How do you make sure you don’t waste your time?
(we cover this in our Sales Training Workshops)
Here are a few principles and ideas for you to increase your success rate.

Our first principle is No Surprises please!

Often salespeople withhold prices until the proposal. Don’t. It should confirm in writing everything you’ve discussed, in one document that can be acted upon. The selling job should have been done. If it hasn’t then you must “Present” your proposal not send it. You should not be using the proposal to make the business case to your buyer. Go back in and talk it through face to face.

In most of the cases that we meet in our sales training this is the key “failure-point” in the selling process. Every sales trainer will always tell you that you have to present to the board of directors… That sounds great and we’d encourage you to try but in our experience it very rarely happens. So at this key point in the sales process the trained sales person hands over to the untrained buyer. You must pass the baton to your buyer. With your proposal in hand, your buyer must now do the selling. They will have to go and get the necessary internal approvals to move forward with the project.

Our second principle is Write for the Final Decision Maker, not Your Buyer

Now you understand the idea of passing the baton you need to change the nature of your proposal. Up until now you’ve developed a pretty good relationship with your buyer. However you are not going to send your proposal to your buyer. You are going to give it to them, they in turn are going to sell it to the Decision Making Unit. At this point try to make sure that your buyer and you understand how the approval process works. From now on you work alongside your buyer. They are your channel partner and route to the DMU.

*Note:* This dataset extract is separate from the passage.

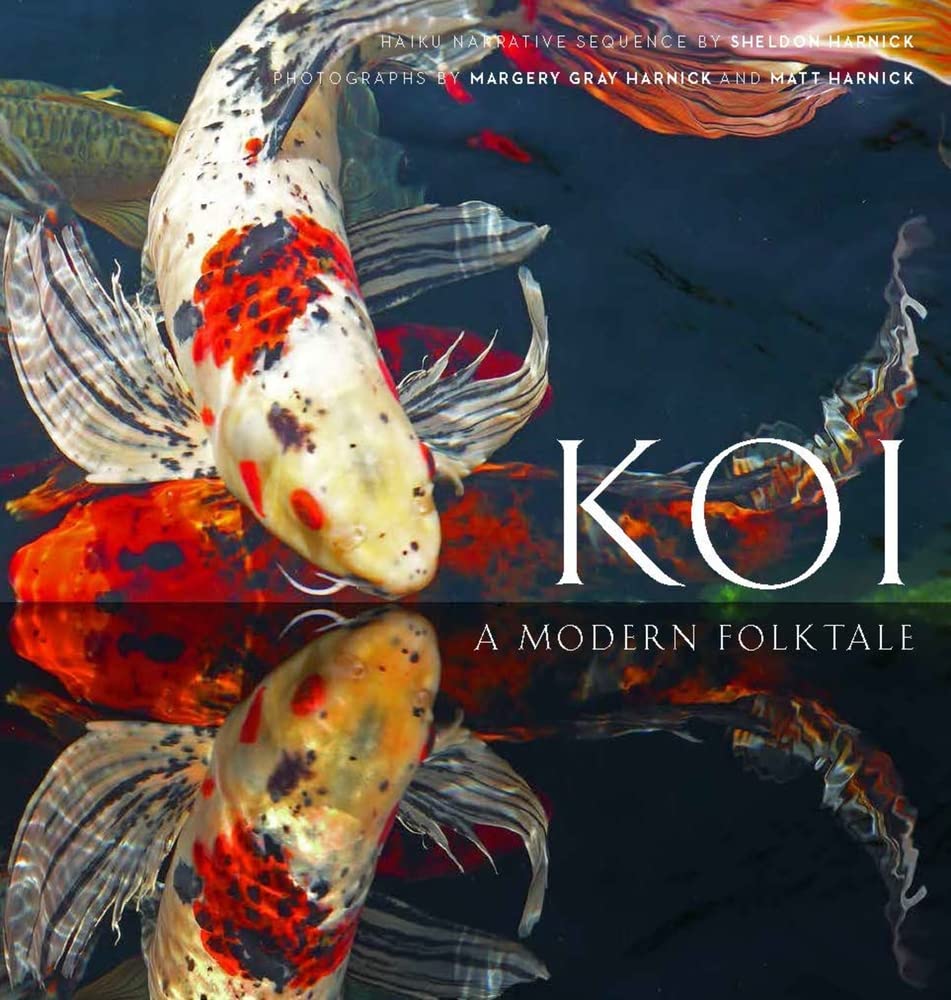 Koi: A Modern Folk Tale,Used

Our third principle is It’s not really about you…  it’s about them

Think about what you’re really proposing. Please don’t get hung up your credentials. You have to stay focused on the results your buyer wants from you. How will what you do improve their performance? Far too many proposals begin with, “ABC Company is pleased to submit this proposal… ” As a test to see.. is your proposal more them focused or you focused, count up how many times do you mention your company name and theirs in your proposal

Remember, it is highly unlikely you will be present when the final decision is made. People who you have never met you will decide your fate. Your value must now be represented by your proposal.

Our fourth principle is to Ask yourself… How do managers and executives in companies choose great projects?

Making business growth happen by extracting value from investments is what management is all about. They have to try to work with business cases that contain objective, compelling and effective information. This kind of information allows them to choose the projects with the best financial returns for their companies.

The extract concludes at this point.